I am finding a way. Like writing, the details are the thing. The tiny moments. Letting Fia pick between a green floral or pink striped onesie for Thisbe. The way Fia sits next to me nursing Thisbe and takes care of her own baby doll, who was once my childhood baby doll, Twinkie, by making her a plastic food soup and spooning fake milk from a cup since Twinkie, apparently, does not want to breastfeed. The Sandra Boynton books Fia chooses to memorize to read to Thisbe. The way Thisbe’s cry has a hitch in the center of it just like Fias used to. The familiar shape of the grey rocking chair I spent hours in with Fia and the tiny joy of being back there again. Even the middle of the night wake ups are a detail— the quality of light, the way the dark makes it feel secret, mine and hers, ours.
If I focus on the details, it makes sense. If I focus on the details, the story easily emerges.
I’ve never been a huge planner with my writing, and that too helps me now. I don’t know the beats of the story we are writing, the story of this family that isn’t like the family I grew up in, though I borrow the Saturday morning chocolate frosted donuts my dad bought me, and oldies playing in the background, and piles of books read on the couch or in bed lit up with a tiny reading light bought by best friends who know late night under-the-covers reading was one of the happiest parts of my particular childhood. I borrow the best details from those long ago days, and invent the rest.
Don’t tell me it’s not creative, parenting. Don’t tell me it takes away from my writing. I am alive with imagination right now, in a beige nursing bra with zero actual support, tiny Thisbe strapped to my chest, asleep, me wanting to write a novel during her luxurious naps but knowing my brain can’t currently do that, listening instead to her itty bitty snores, my hips still hurting a little, ghostly reminders of pregnancy and labor, the world both paused and brilliantly alive, moving, hurtling forward.
I don’t know the beats of this new story or all the ones I will write next. But I already know this new baby, like the one before her, only adds more imagination, more creativity, more storytelling possibilities, more magic to my world.

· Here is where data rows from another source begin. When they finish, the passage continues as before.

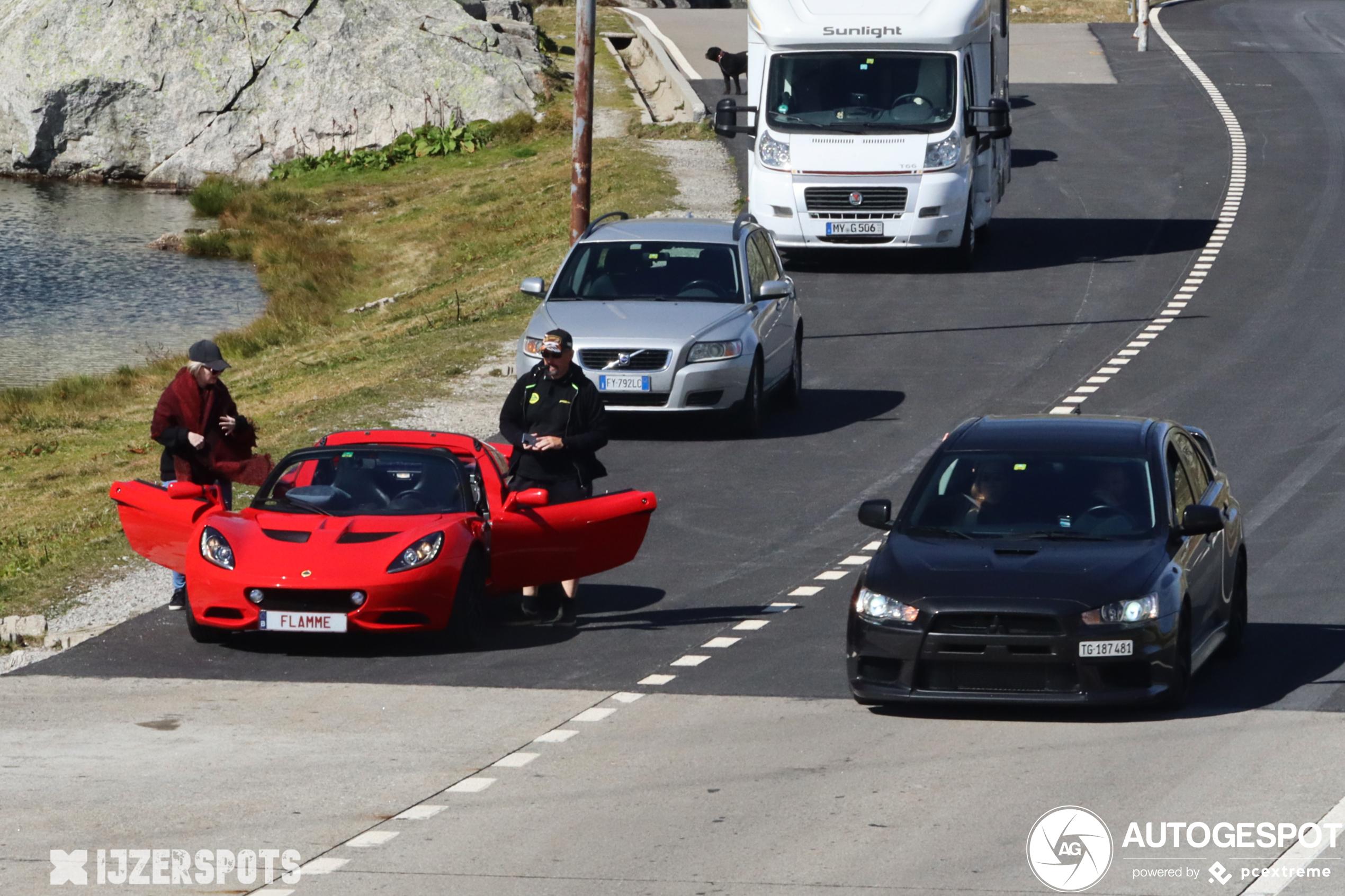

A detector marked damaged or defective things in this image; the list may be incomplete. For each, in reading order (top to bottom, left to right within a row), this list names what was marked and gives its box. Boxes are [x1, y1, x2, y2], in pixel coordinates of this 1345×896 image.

rusty utility pole [567, 0, 594, 243]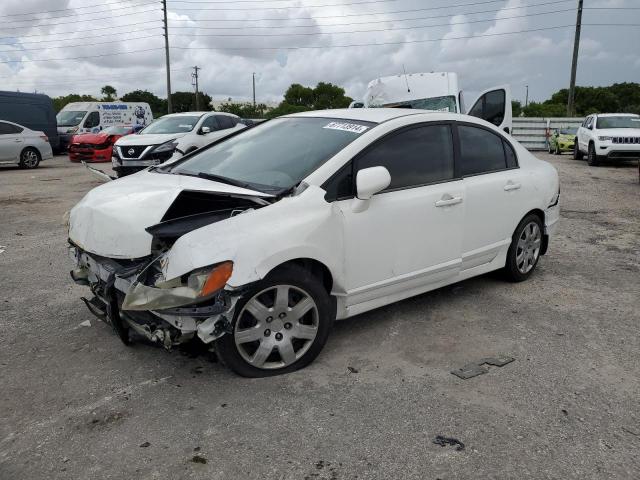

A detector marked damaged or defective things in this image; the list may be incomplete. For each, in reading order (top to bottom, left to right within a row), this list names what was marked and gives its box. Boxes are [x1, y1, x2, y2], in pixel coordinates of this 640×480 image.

red damaged car [68, 125, 142, 163]
damaged front end [69, 248, 241, 348]
crumpled hood [68, 170, 272, 258]
broken headlight [121, 258, 234, 312]
wrecked white sedan [70, 110, 556, 376]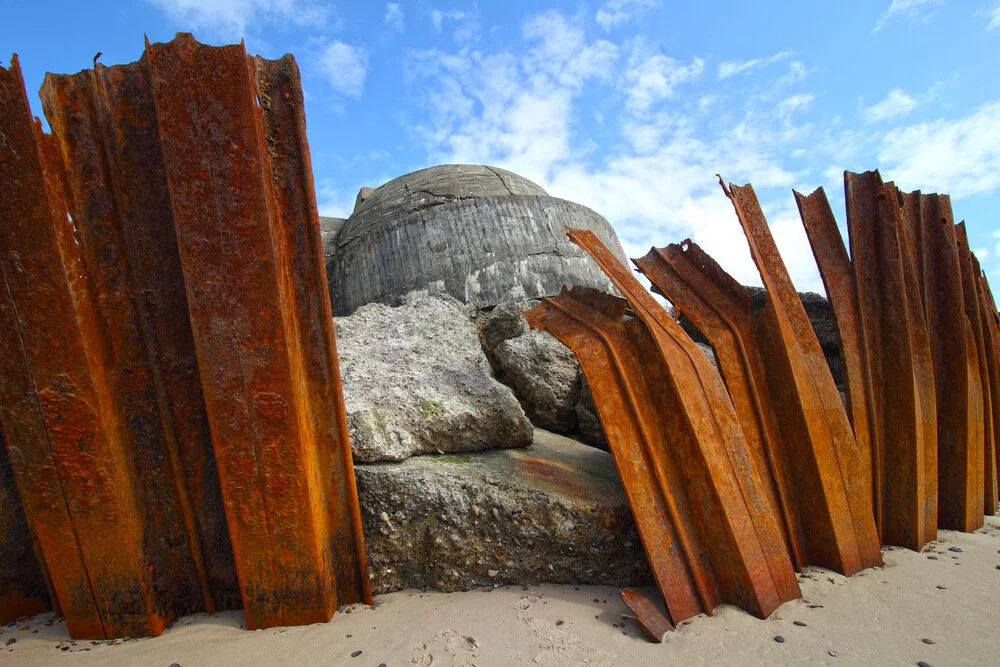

Don’t tell me parenting robs us of creative energy, artistic ability. Robs us of sleep, sure. Clarity sometimes. Energy and time. But not creative spirit. Not magic. Not stories. I am brimming with those. We are all, here, brimming with stories and magic and the wonder of what comes next.
News
ONE JAR OF MAGIC comes out in August in a beautifully redesigned paperback cover by designer: Laura Mock and Illustrator: Matt Rockefeller. If you missed the hardcover (or read it and loved it and want to share it with another magic-loving reader) now’s the time to grab the paperback version!!
Recommendations
As an avid (professional level, honestly) cheese lover, I have to say that this cheese is my absolute current favorite. My best friend brought it to me after the birth of my first daughter, and it was glorious and then I could never find it again. After Thisbe was born, she asked what she could bring me and I said THAT CHEESE YOU BROUGHT ME LAST TIME, and it turns out it is just as glorious and actually totally find-able and worth getting. I can’t recommend it enough. Trust me, you need it. It may be my actual current favorite food.
This book of essays on motherhood is the best book on motherhood I’ve read. It made me laugh while nursing at 2am— I listened to it on audio this past week— and it also made me cry, and really what else could you want from a book?
I also happened to really love this novel which is a friendship novel and reads a bit like a collection of vignettes and has a poignancy and readability that hit me just right. It’s a perfect book for lazing on the couch with a coffee and taking your time reading and thinking and letting the afternoon linger.